Future, Present, & Past:



Speculative
~~ Giving itself latitude and leisure to take any premise or inquiry to its furthest associative conclusion.
Critical~~ Ready to apply, to itself and its object, the canons of reason, evidence, style, and ethics, up to their limits.
Traditional~~ At home and at large in the ecosystem of practice and memory that radically nourishes the whole person.

Oυδεὶς άμουσος εἰσίτω

Friday, April 29, 2016

Publishing. And not.


When Hilary Putnam died recently, a common theme in the many tributes offered was his well-known willingness to change his mind. I can no longer track down the remark and so cannot quote it exactly, but I remember some place where he spoke frankly of these about-faces, strongly commending the capacity to say things in the form: "I once thought.... I now think....".

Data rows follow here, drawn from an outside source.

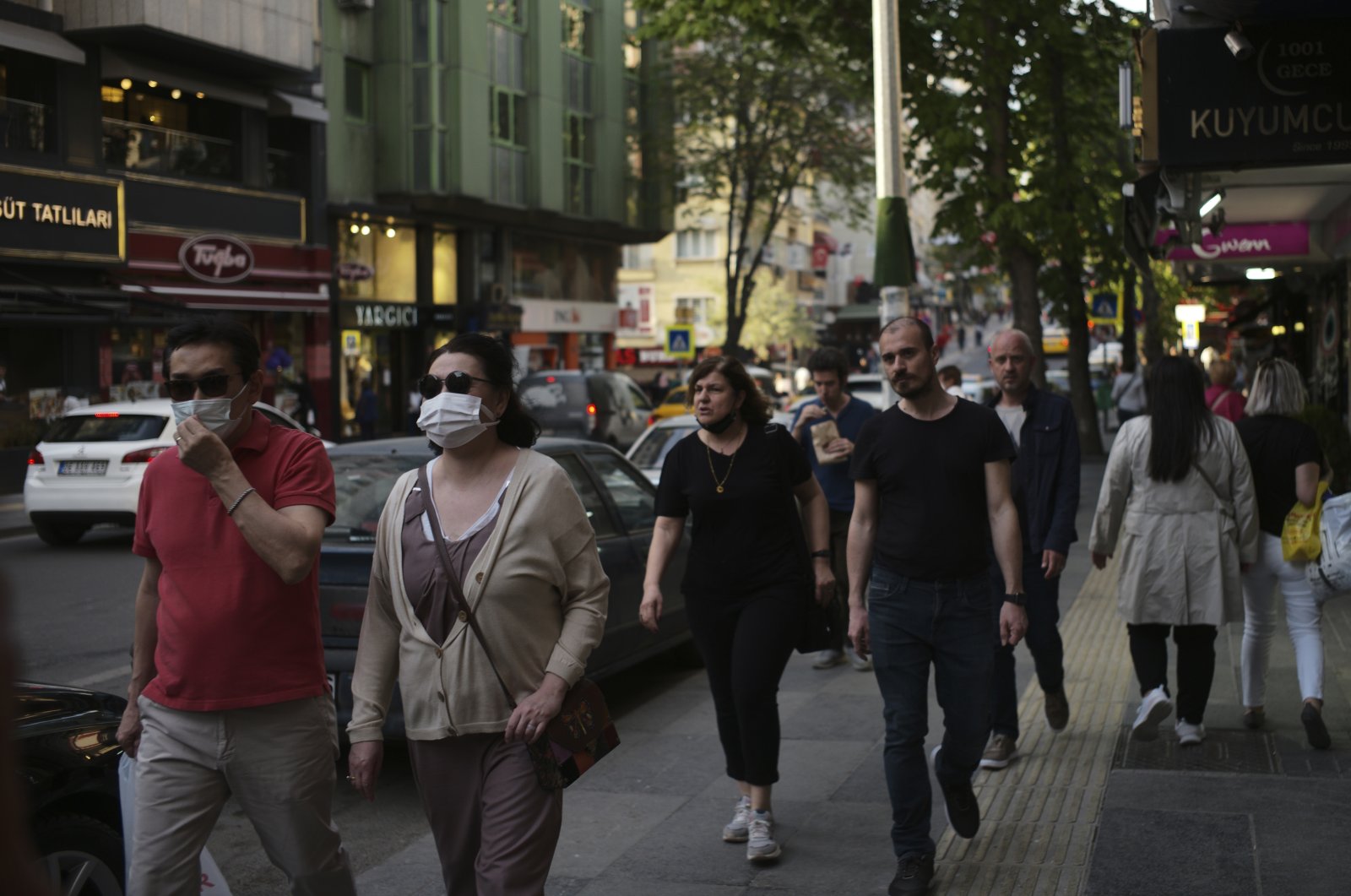 People walk along a street in Ankara, Turkey, April 26, 2022. (AP Photo)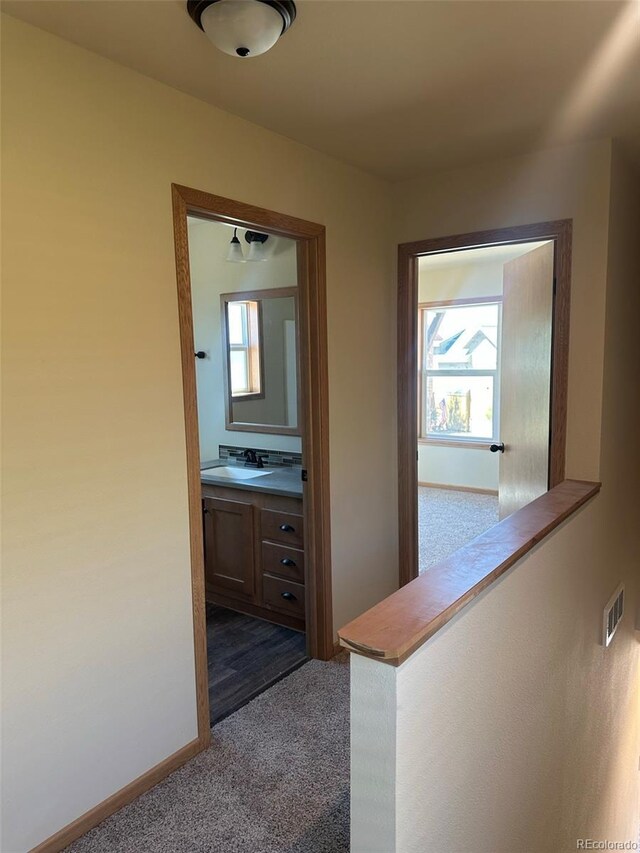 corridor featuring sink and dark colored carpet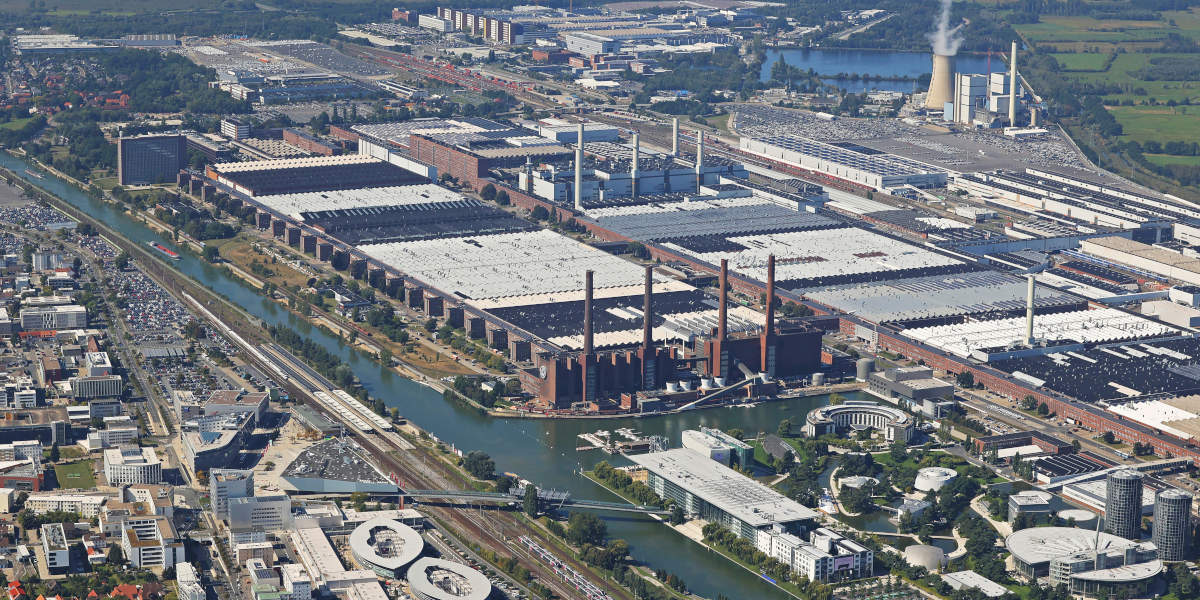 Das Bild zeigt eine Luftaufnahme des Volkswagen-Werks in Wolfsburg. Man sieht die riesige Ausdehnung des Werksgeländes mit seinen vielen Gebäuden und Produktionshallen, die sich entlang eines Kanals erstrecken.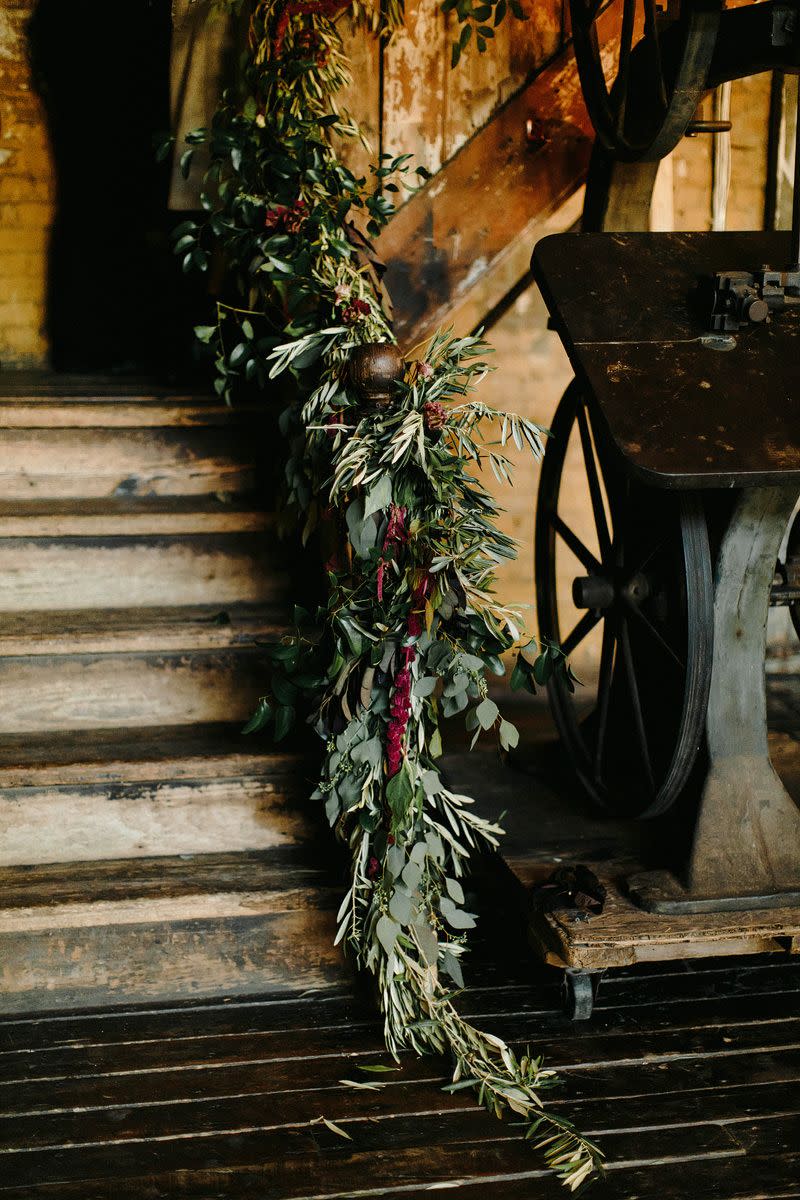 <p>Rather than cover every railing and table with floor to ceiling flowers, skip the blooms altogether and go green. Draped willow, eucalyptus, redwood, and spruce make for elegant decoration that feels inherently holiday, plus they'll leave behind a fresh scent. Garlands of greenery work on stairwells (as shown here), on fireplace mantles, or down each table at the reception, filled in as needed with moody objet and winter fruits and berries. </p><p><em>Pictured: Planning by <a href="http://www.jovemeyerevents.com/" rel="nofollow noopener" target="_blank" data-ylk="slk:Jove Meyer Events;elm:context_link;itc:0;sec:content-canvas" class="link ">Jove Meyer Events</a>.</em></p>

This came back to me recently while reading R.G. Collingwood's Autobiography. Collingwood is reminiscing about of John Cook Wilson, a professor of logic at Oxford:
"I rewrite, on average, one third of my logic lectures every year," said he. "That means I'm constantly changing my mind about every point in the subject. If I published, every book I wrote would betray a change of mind since the last."
For Putnam, it simply meant he was willing to conduct his shifts of position in public. For Cook Wilson, it was (according to Collingwood) a reason not to publish at all. (In fact, Cook Wilson did publish -- mainly articles, many of which were collected in the posthumous Statement and Inference in 1926). There are others who fit these profiles: Socrates in the agora, (supposedly) constantly changing his position, is a model of continual public revision; Wittgenstein pruning and re-arranging the Investigations until there was no realistic chance of making them public in his lifetime is on the other extreme. But most thinkers fall somewhere between.

Collingwood remarks that
I already knew that there are two reasons why people refrain from writing books; either they are conscious that they have nothing to say, or they are conscious that they are unable to say it.
For almost the first two decades after I came of age intellectually, I was haunted by the first reason. But I begin to wonder if it won't be the second that really gets me.